QUI A VU CE FILM ?
Interview 20 MINUTES
«Retrouver une conscience collective dans les quartiers»
Lundi 05 janvier 2004
Que pensez-vous de la manière dont les médias et le cinéma montrent les cités ?
L’image est souvent sombre et négative mais, vu la réalité sociale dans laquelle sont plongées les populations de ces quartiers, il est difficile de faire autrement. Pour Wesh Wesh, notre regard était nourri par notre expérience et des études en anthropologie. Ce qui est plus gênant, c’est cette volonté délibérée de faire de la cité une zone dangereuse. Car la population qui y vit est considérée comme dangereuse pour la classe dominante. Le phénomène n’est pas nouveau. Casque d’or était déjà un film de banlieue avec des histoires de voyous qui ne sont que les ancêtres de la « caillera » actuelle. Avec Wesh Wesh, on a cherché à être le plus juste possible. A ne faire preuve de complaisance ni envers les forces de l’ordre ni envers les lascars, qui sont des capitalistes sauvages.
Qu’entendez-vous par là ?
Les délinquants ne sont pas des révolutionnaires, mais au contraire des gars très conformistes. Ils pensent d’abord à s’intégrer dans le modèle économique ultralibéral. Le trafic de shit leur permet de se normaliser, de s’habiller avec des marques et de participer à la société de consommation. Ils ne cherchent pas à revendiquer quoi que ce soit ou à changer ce qui leur semble injuste, mais à préserver leur dignité en plongeant dans une spirale délinquante : car plus on est assisté, plus on perd sa dignité. Même si la délinquance est une forme de mépris de l’ordre établi, elle n’est qu’une étape primitive dans la contestation sociale. Si l’on compare les anciens de la diaspora maghrébine qui ont participé à tous les mouvements ouvriers du XXe siècle à certains jeunes beurs d’aujourd’hui, il y a un gouffre, une véritable régression.

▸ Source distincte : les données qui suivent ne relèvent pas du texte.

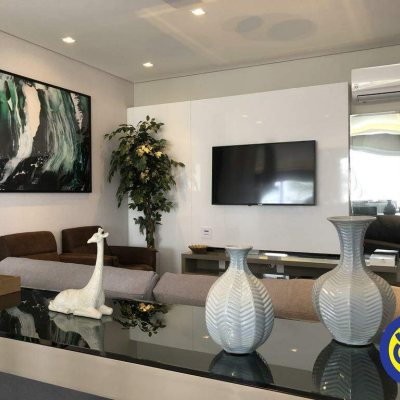 Apartamento com 35m², 1 quarto, 1 garagem, no bairro Centro em Florianópolis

On voit aussi des mouvements associatifs se développer, avec difficulté…
Dès que les pouvoirs publics sentent trop de subversion potentielle, ils essayent de la cadenasser. Il y a tout juste vingt ans, on a connu la marche des beurs pour l’égalité des droits. Mais le pouvoir socialiste a préféré encadrer tout ça en fondant SOS Racisme, et les mecs sont devenus invisibles. Si les choses s’étaient passées autrement, cela aurait peut-être permis à des centaines de lascars de s’inscrire dans une voie politique.
Comment expliquer la déliquescence de certains quartiers ?
Dans les quartiers populaires, on a tout fait pour éviter qu’il y ait des lieux de réunion, des espaces où les habitants aient la possibilité de se transformer en citoyens. On les a toujours déresponsabilisés. Payez les loyers et taisez-vous ! Et l’on s’étonne que les quartiers se dégradent. Les gens s’enferment chez eux. Toutes les décisions sont prises en haut lieu. Il faut retrouver une certaine conscience collective. Pas mal de familles maghrébines se sont aussi fait piéger par le mythe du retour au pays. Elles ont investi leur épargne dans une maison au bled habitée par des fantômes, mais eux sont paralysés dans la cité.
Que faudrait-il changer ?
Il faut se remémorer la fonction sociale des ensembles urbains, qui est de transformer des personnes étrangères d’origine rurale en une population française citadine. Pour cela, il faudrait prendre en compte les différences de cha-que minorité et chercher à les mettre en valeur. Si les programmes scolaires, par exemple, en plus d’évoquer l’histoire de « nos ancêtres les Gaulois », pensaient à parler aussi des cultures arabe, africaine ou asiatique, les gens se sentiraient moins désemparés.
Propos recueillis par Grégory Magne
Il y a un peu plus d’un an, le public découvrait Wesh Wesh ( Qu’est-ce qui se passe ?), premier film de Rabah Ameur Zaïmeche.
Une plongée dans la cité des Bosquets, à Montfermeil, entre trafic de drogue et clandestinité.
Un long métrage salué par la critique, mais boudé par les patrons de multiplexes, qui craignaient d’attirer les jeunes de banlieue.
Vingt ans après la marche des beurs pour l’égalité des droits, le film vient de sortir en DVD chez Arte vidéo.